Pasta la Vista, Baby: The Changing Italian Diet

25 years ago, Italian families ate more meat, drank more wine but put less fish and pasta on the table. La famiglia also usually shopped in small local stores — there were five times fewer supermarkets — and 85% of the time ate at home.

These are some of the changes tracked in a study (.pdf Italian only) by national food industry lobby Federalimentare to mark its 1983 founding, back when Socialist Bettino Craxi first stepped into office and pop hit “Vamos a la Playa” had Italians singing into their watches.

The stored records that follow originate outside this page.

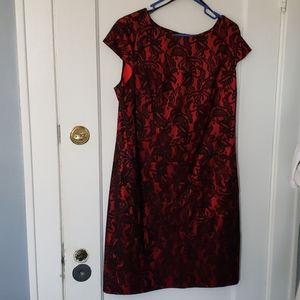 Red and black lace dress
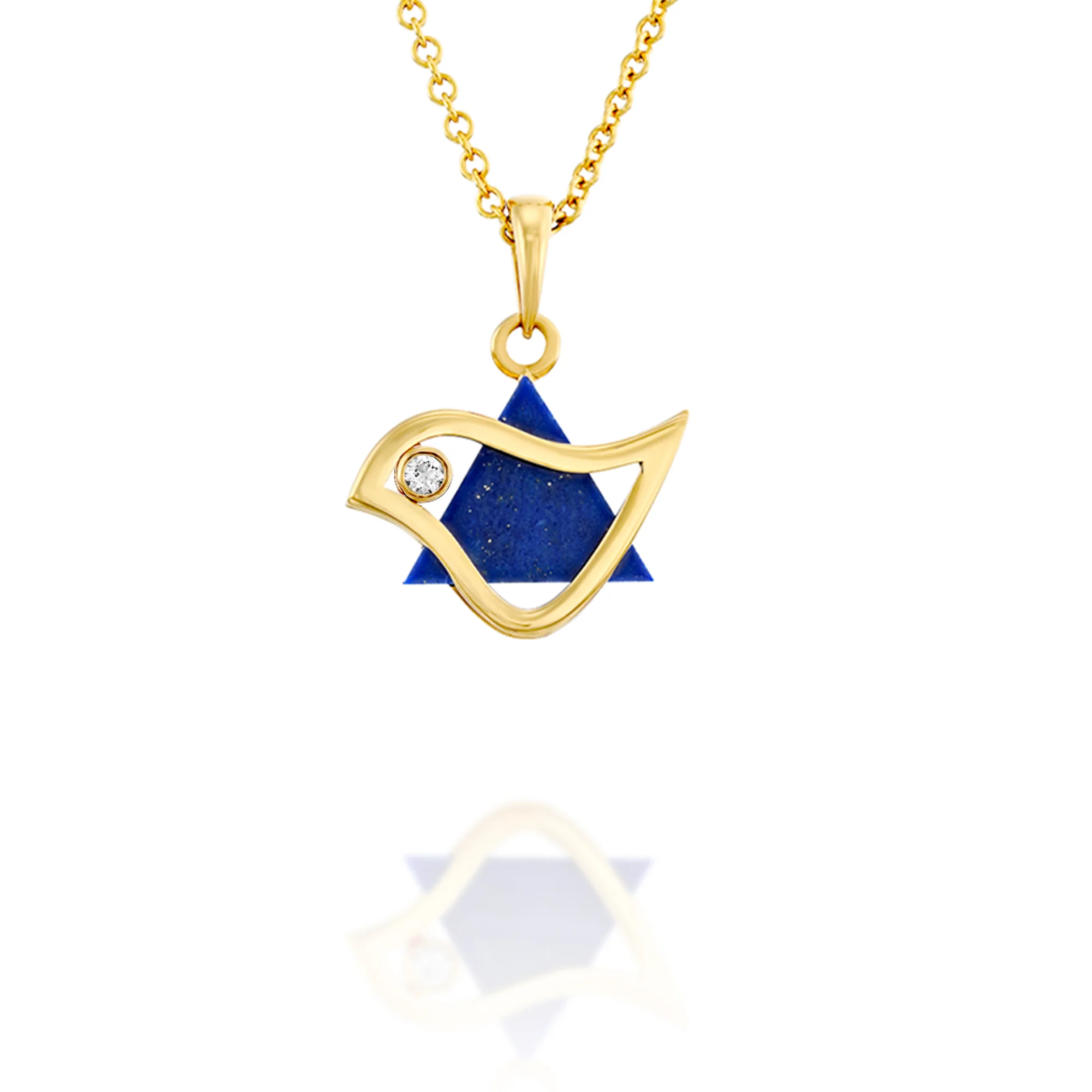 18k Gold Diamond Dove of Peace Magen David Pendant - Image 2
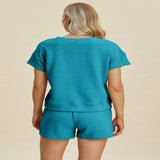 Double Take Full Size Texture Short Sleeve Top and Shorts Set - Gray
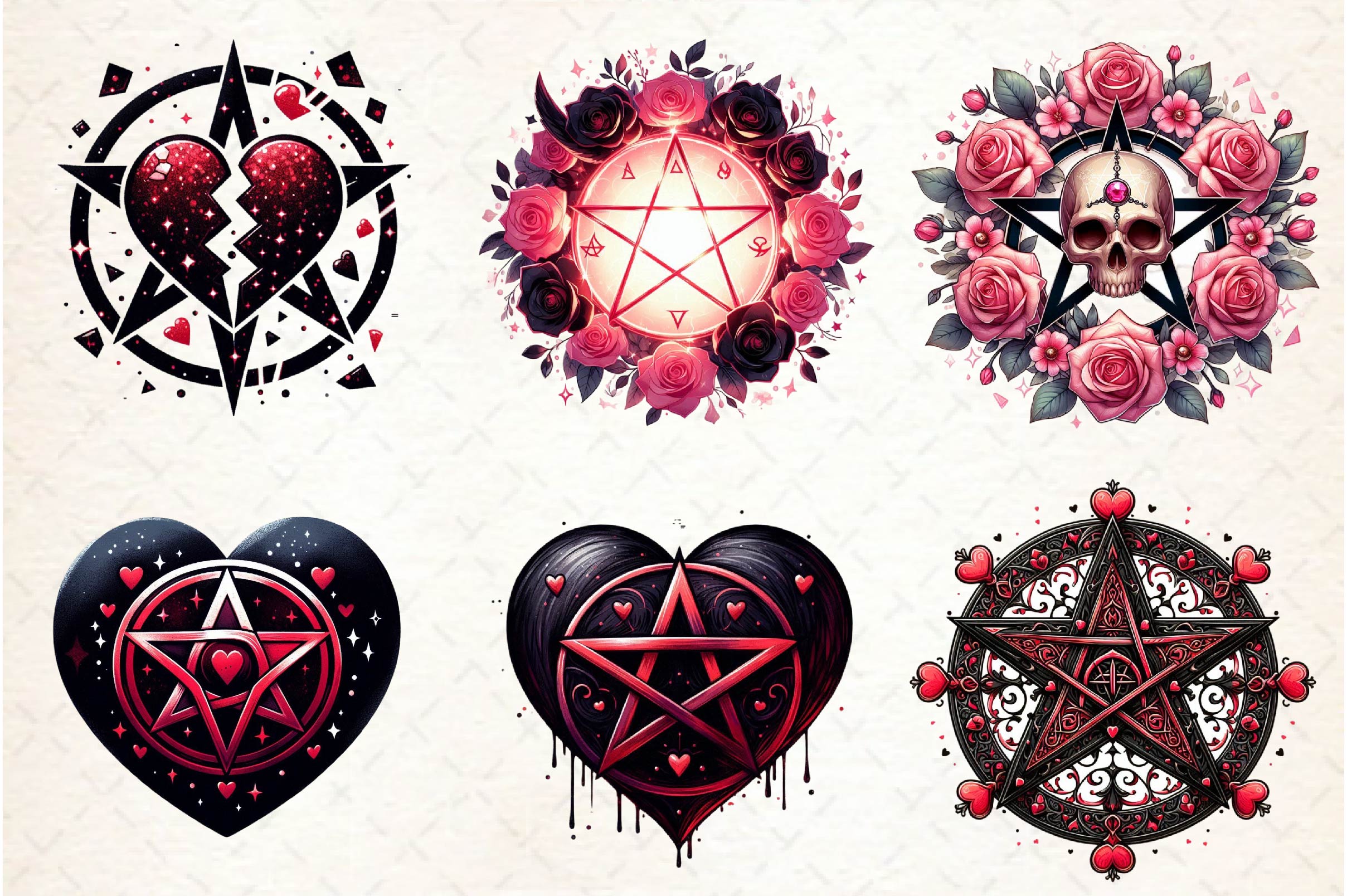 Valentine Gothic Pentacles Clipart Bundle - CraftNest - Digital Crafting and Art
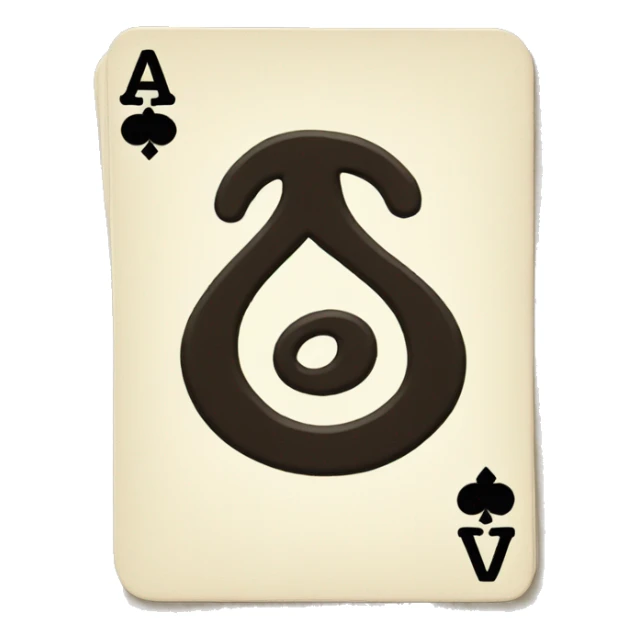 Q from a playing card sticker
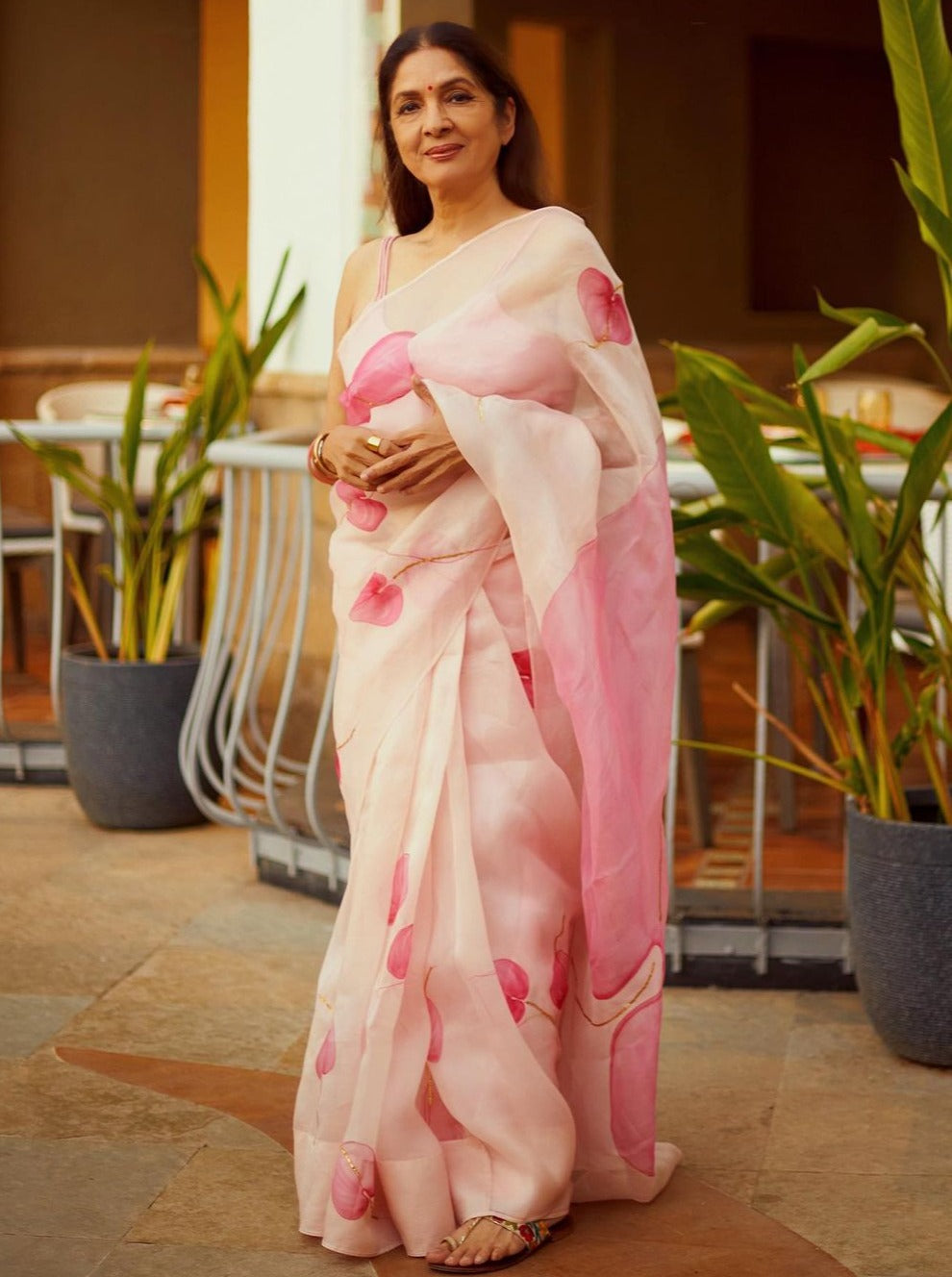 White Anthuriums On Lilac Organza Saree – Picchika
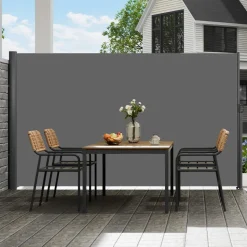 VEVOR Retractable Side Awning, 63''x 118'' Aluminum Outdoor Privacy Screen, 280g Polyester Water-proof Retractable Patio Screen, UV 30+ Room Divider Wind Screen for Patio, Backyard, Balcony, Gray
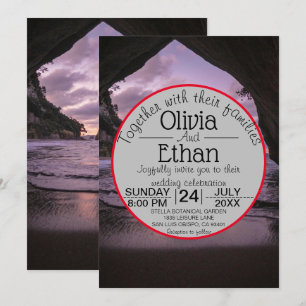 Convites Casamento de Verão Marinho Náutico de Praia Românt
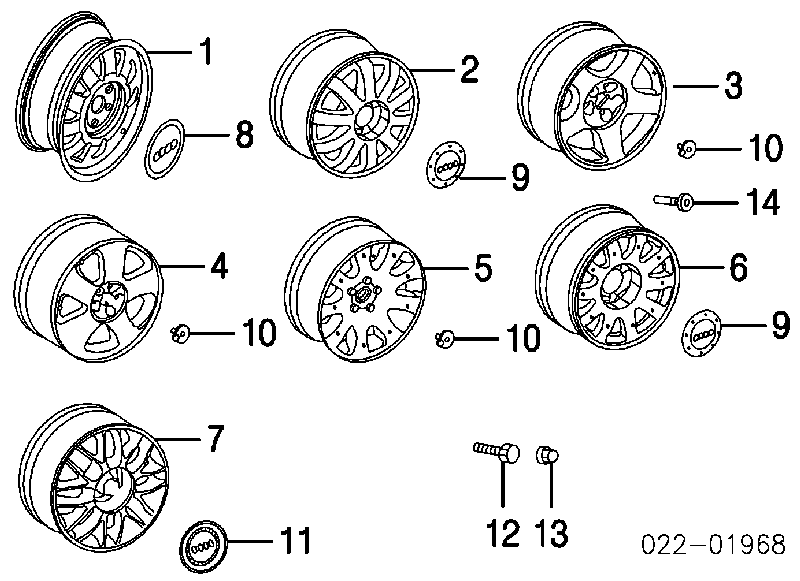 Ковпак колісного диска 8D0601165JZ17 VAG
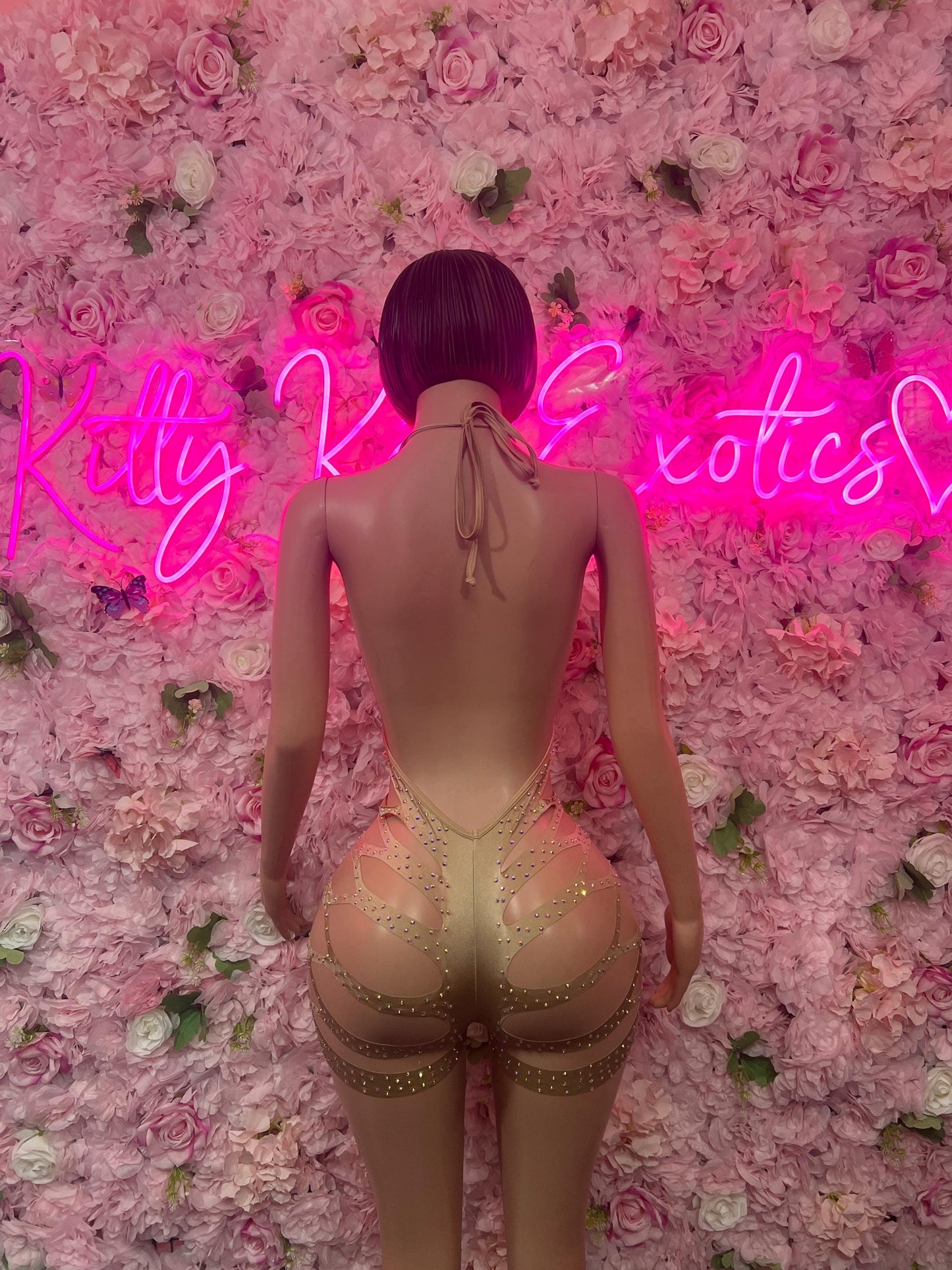 Rave Outfit Two-Piece Gold Rhinestone Exotic Dancewear Costume  Sparkly Stripper Outfit, Go-Go Dancer Set, Festival & Rave Wear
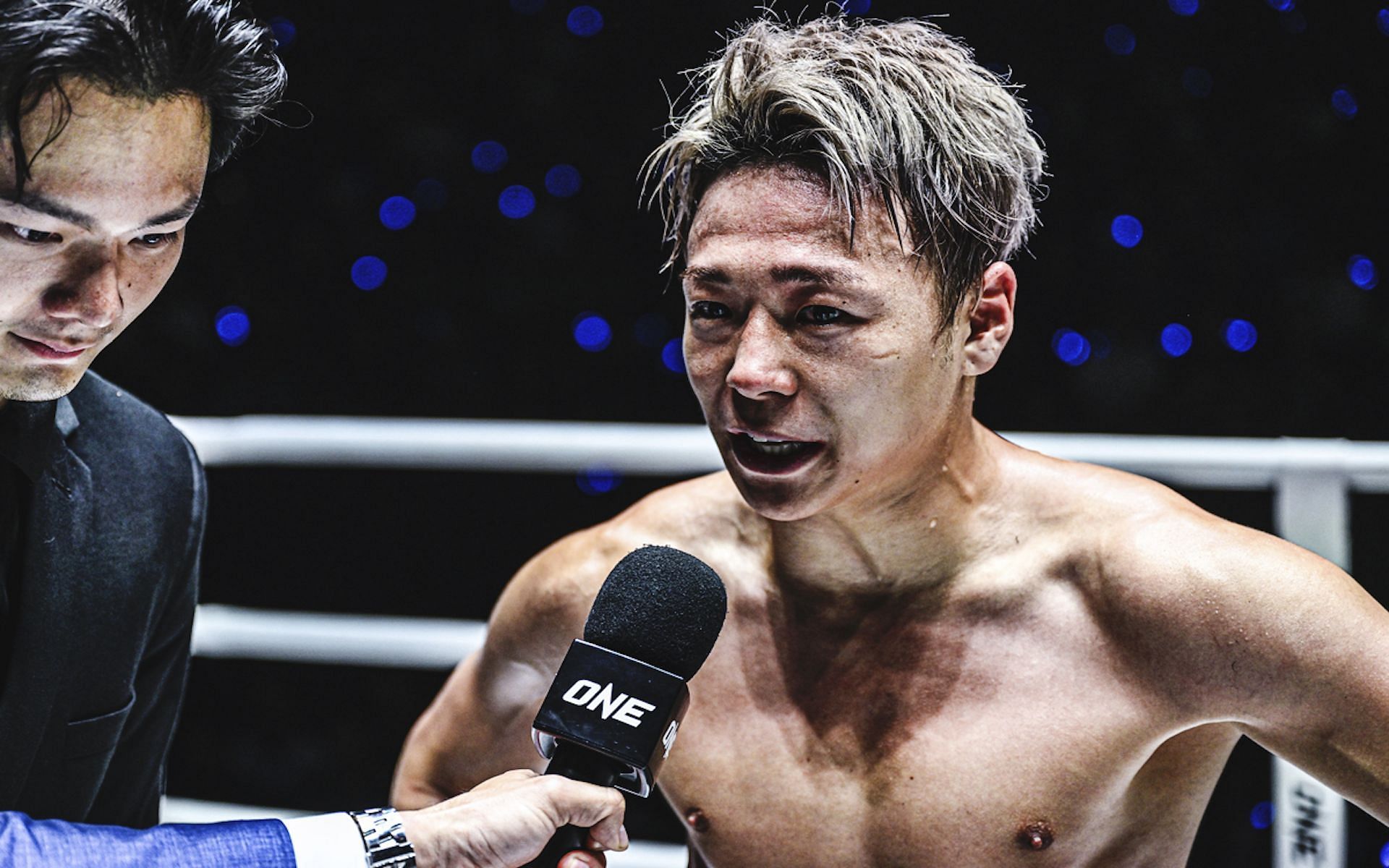 Japanese kickboxing icon Takeru Segawa ready to fight Rodtang Jitmuangnon after their staredown at ONE Friday Fights 81.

Rapid changes after World War II first revolutionized Italian eating habits, breaking some long-standing stereotypes. In the early 1950s, the Italian mamma spent a good chunk of her day preparing a hearty lunch, while her new millennium counterpart, less likely to be a stay at home mother, spends just a third of that time in the kitchen.

In the post-war period, Italians also spent half the family income on food. From 1983-2008, money spent on groceries dropped eight percent to 17.7% of the budget. They now eat 10% less meat, 10% more pasta and bread but about the same amount (18%) of fruit and veg. Beverages have flip-flopped: Italians now spend 5% of the budget on juice, bottled water and soda, five times more than in the 1980s when that same percentage was allotted for wine and spirits.

Some staples of the Italian postwar diet that have now disappeared include smoked herring (often eaten with polenta), tinned milk and carob beans, sucked like candy.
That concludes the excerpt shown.